My last post talked about creative play as an essential part of the artistic process. I don’t have much to add to that, other than to post some examples of outcomes. These are the vertical panoramas I referred to in that post. Several are in the shop already, but the full set so far are posted below. I’m sure there will be more while I have problems working in my studio.
I find also that playing digitally is a source of inspiration for the inky fingers type of printmaking. I can try out broad compositions very quickly and ‘back out’ of them equally quickly if they don’t work. Digital files also provide useful sources for stencils. I cut these from Mylar with a digital cutter. The model I use is a Cricut Maker, but there are several other brands
I took the decision to issue these as limited editions. This is something I still don’t feel entirely happy with, especially given the nature of digital images, but it seems to be expected by buyers. I do however print all my own work. No one else is involved. Please let me know what you think about the issue in the comments.
For me setting aside time for play is a key part of creativity. It’s a way to get past my inner censor. It allows me to fail. That’s important because without failure there is no measure of success.
It’s almost a month since I spent time in my studio. Initially I took a break to think, because I found myself repeating the same thing. The work looked superficially different, but the process was the same, and so less and less enjoyable. Some health issues then intervened, so my time away from the studio became even more protracted.
I’ve already blogged about making digital prints. They are where I came from as a printmaker, so an important part of my practice. Going back to them while not in the studio was still a form of play. It gave me the freedom to think about ideas of shape and form and composition without investing too much time. Or money for that matter, since decent paper is not cheap. In the end, even though I was ‘only playing’ the outcomes were very satisfying, and I ended up with two ‘suites’ of prints. One is a set of square prints which relate quite strongly to the monotypes I have been making all year. The second set are panoramic in format, but oriented vertically. I wanted to avoid any landscape references and make these wholly abstract.

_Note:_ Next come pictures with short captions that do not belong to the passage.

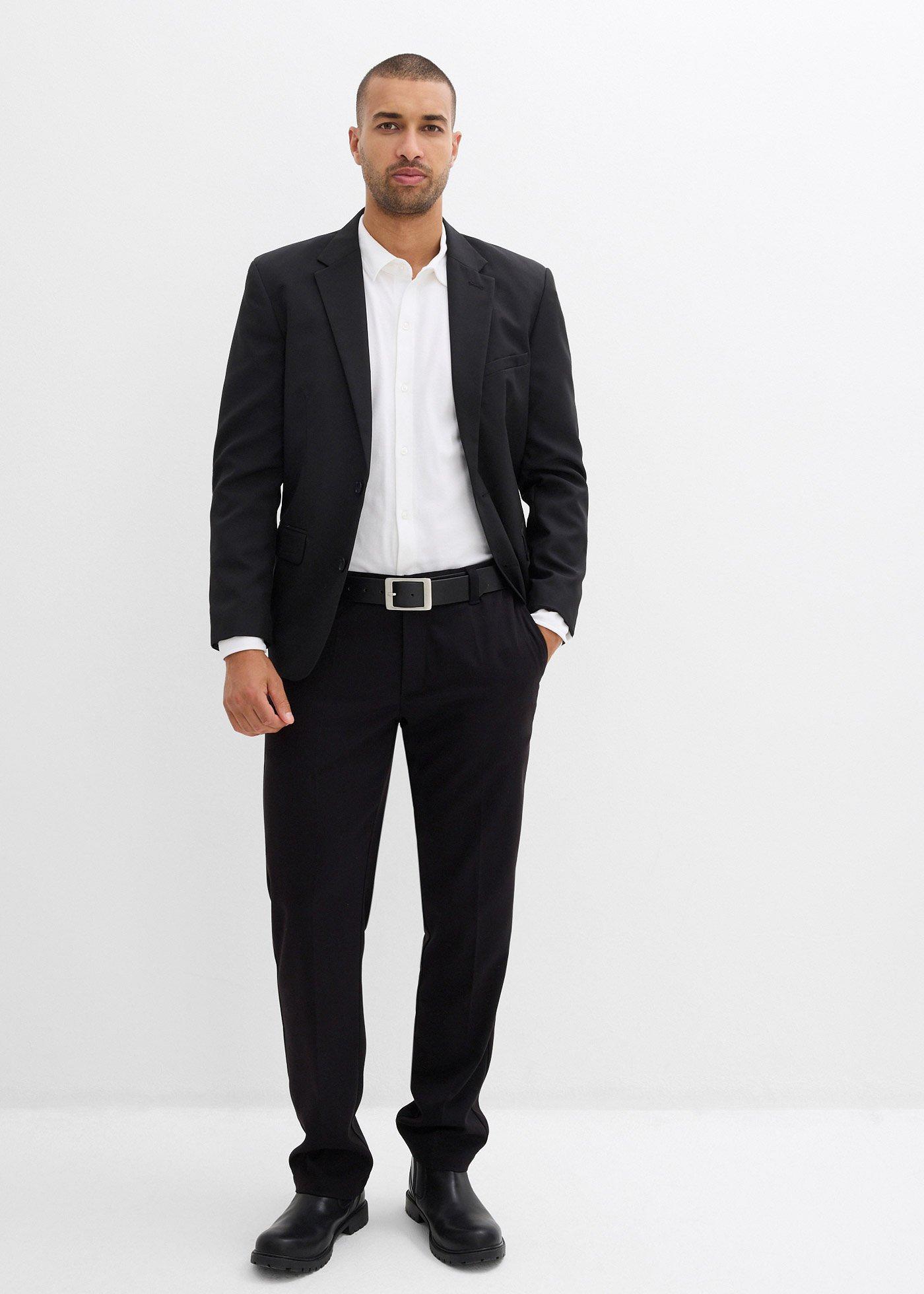 Koszula z długim rękawem, z bawełnianej piki z dużą zawartością stretchu, slim fit - Bonprix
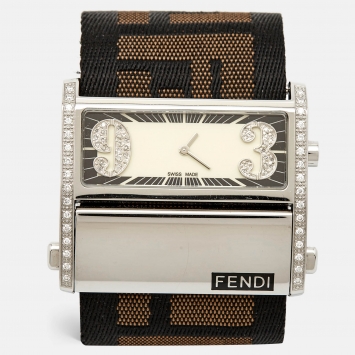 Pre Owned Fendi Cream Stainless Steel Canvas Diamond Zip Code 1120G Women's Wristwatch 46 mm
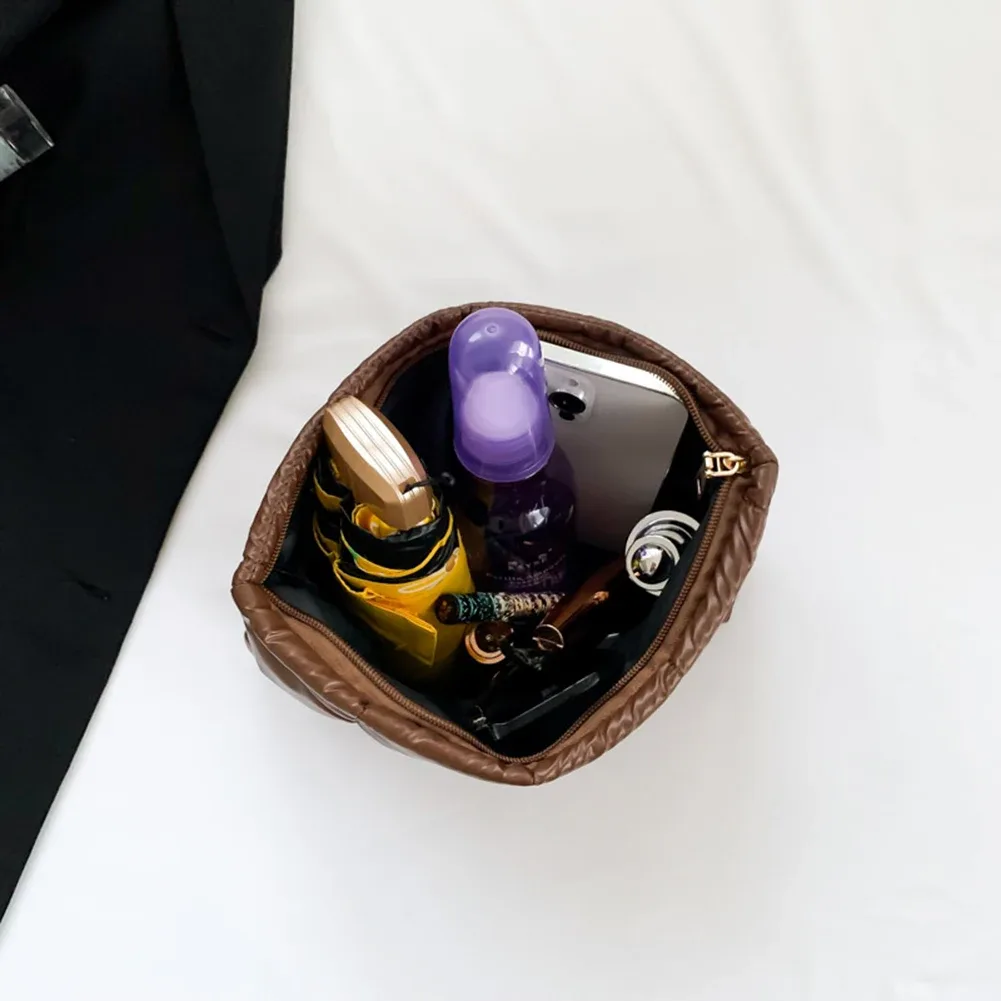 sac de rangement matelassé pour poudres de maquillage pour femme, sac à main solide, pochette pour document, trousse d'évaluation cosmétique, grande capacité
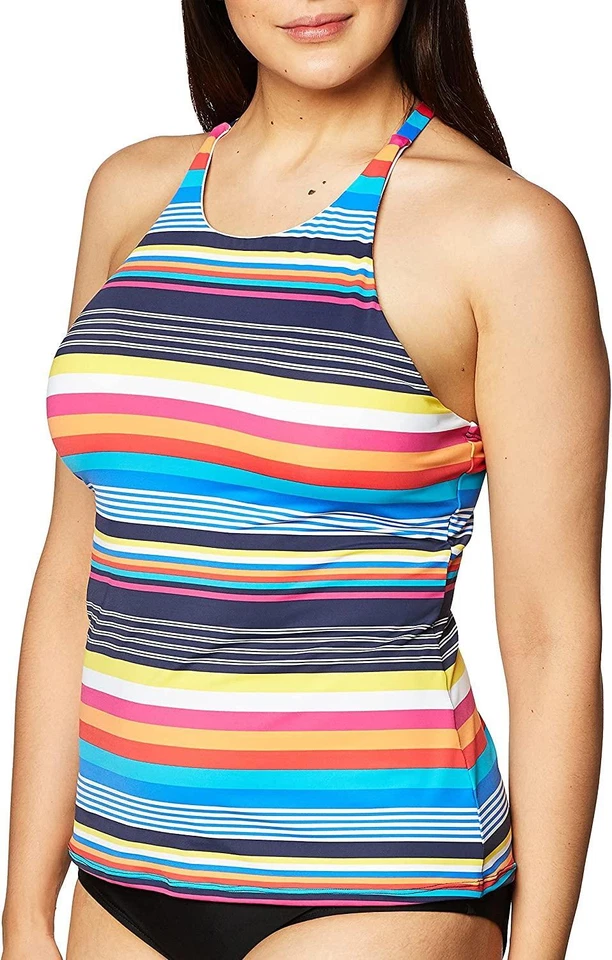 Tankini estándar de cuello alto para mujer Nautica 283434, combo arco iris, talla grande Foto 2 de 3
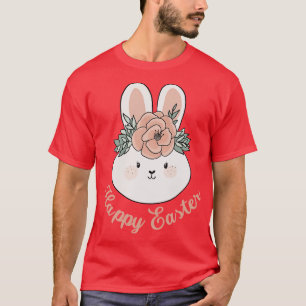 Happy Easter Cute Easter Bunny Wearing A Flower Cr T-Shirt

This isn’t the first time I’ve used play to generate work. Back in 2014 I made a set of what I later called Tinies. I was painting then and very bad at judging how much paint to put on my palette. Rather than waste the leftovers I took, as I realised later, what were monotypes from the palette using some heavy mixed media paper I had to hand. Later I cut these down into small squares, each about 25-30 mm on a side. My original intention was to reassemble them into a collage.
I never made any progress, although I did play around with the pieces for a while. I kept the pieces though, then later still, mounted a selection of these to fit into a 6” x 6” frame (150 mm). When I took these to an ‘art boot sale’, to my surprise they sold very well. Many were sold before I decided to number the rest into a series – Tiny 2014.

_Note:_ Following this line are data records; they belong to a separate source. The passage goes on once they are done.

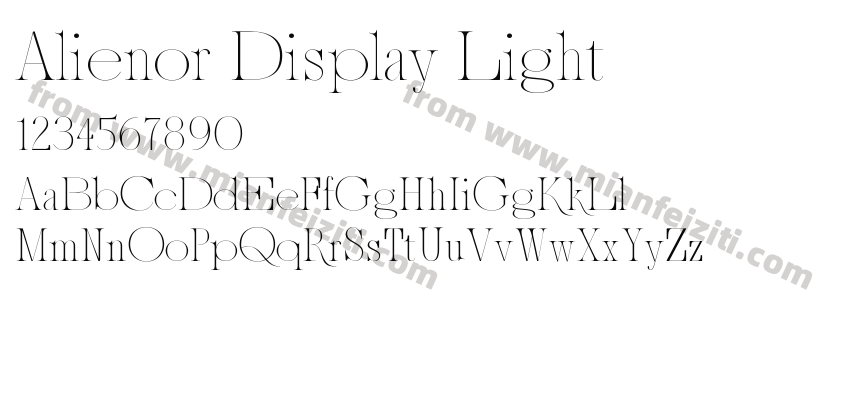 Alienor Display Light字体预览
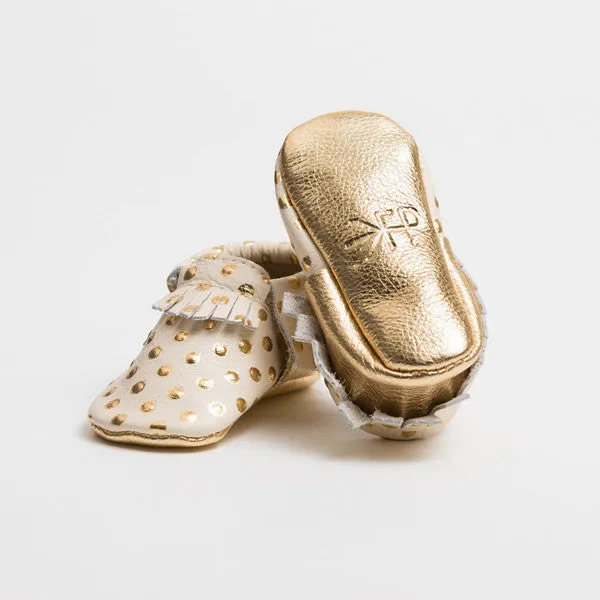 Freshly Picked Moccasins | Cream and Gold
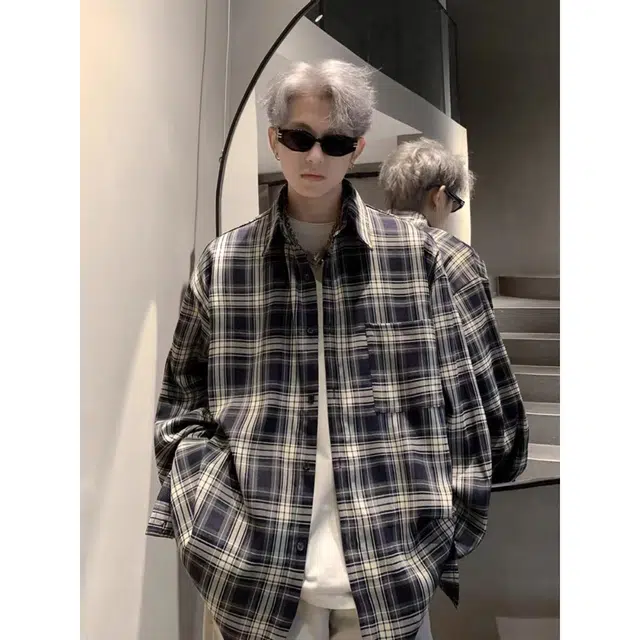 寻星记 美式复古格子长袖尽显少年感与潮流范衬衫 男女同款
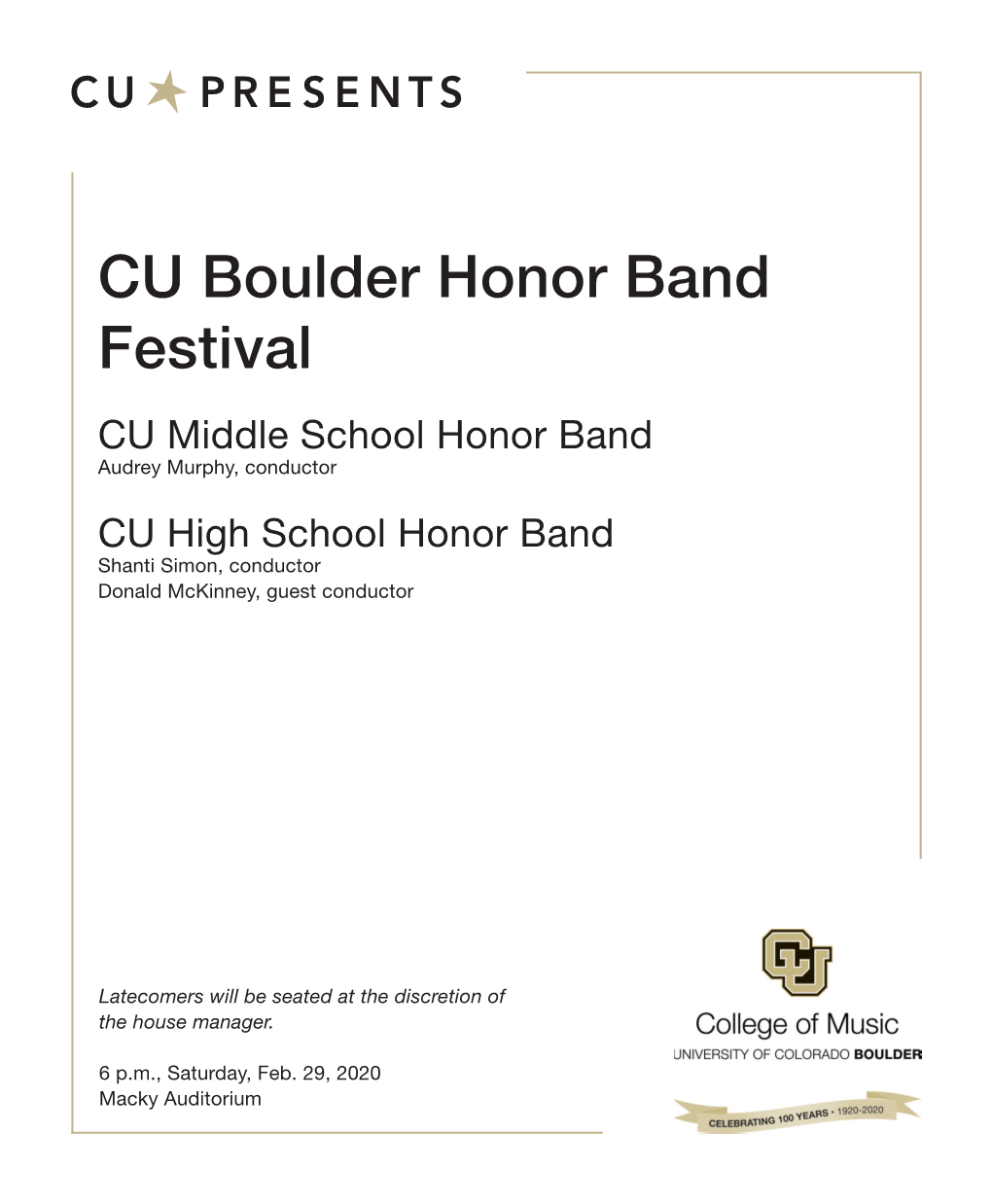 CU Boulder Honor Band Festival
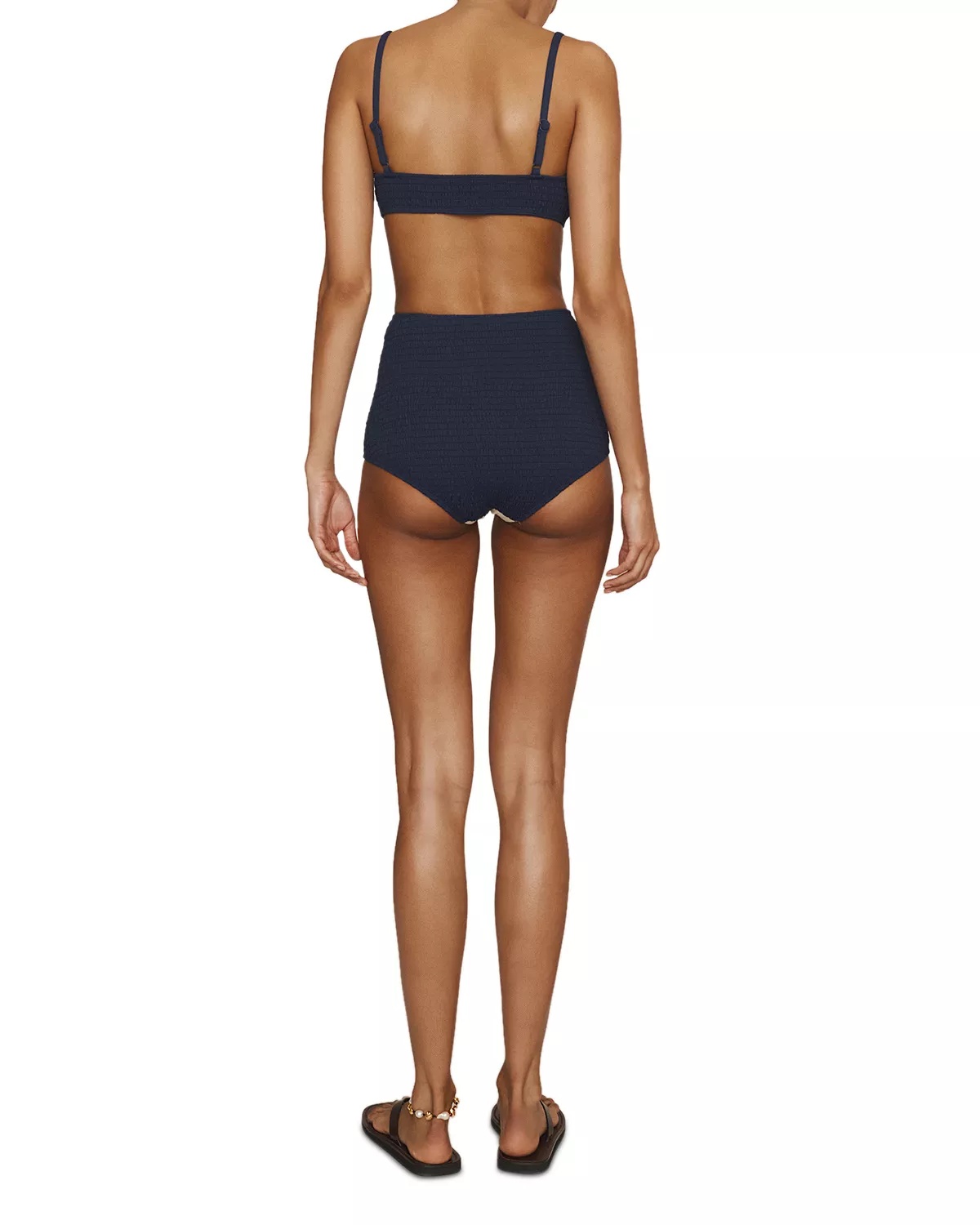 Marine Smocked Boyleg Brief Bikini Bottom - 6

The next year I acquired a number of pieces of mount board, originally samples of different colours. I used these to make a set of collagraph plates, experimenting with materials like tile cement. Printing these allowed me to play gain, experimenting with colour combinations, trying out the effects of overprinting colours. These became Tiny 2015.

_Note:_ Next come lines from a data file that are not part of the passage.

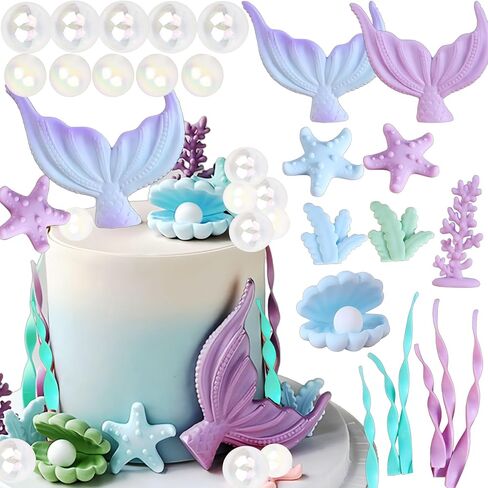 Mermaid Cake Toppers, Tyotrbs Mermaid Cake Decorations Under the Sea Party Decor Seashell Fish Cake Accessories for Summer and Ocean Birthday Party Decorations in Kuwait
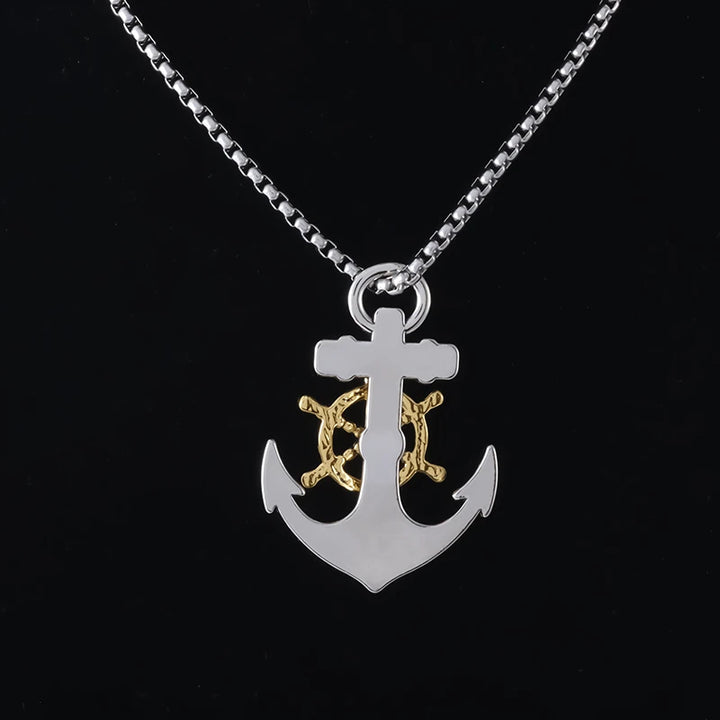 Viking Necklace - Nordic Rudder Anchor Pendant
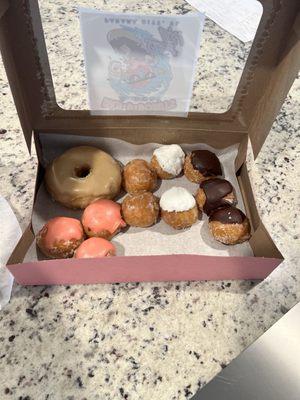 Maple glazed donut & assorted nuggets. Delicious!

Tiny 2017, was another set of ‘found images’, this time cut from failed monotypes made with oil based inks, while Tiny 2019 was a return to the small collagraph plates. So far there have been no more.
Now though, I’m itching to get back to physical printing. I find it immensely satisfying to see an image gradually emerge out of the clutter of bits of paper, stencils and general rubbish I use to make my monotype prints. How I do that will be covered in another post.
I hope though that I can still retain the freedom from the last few weeks of ‘playtime’.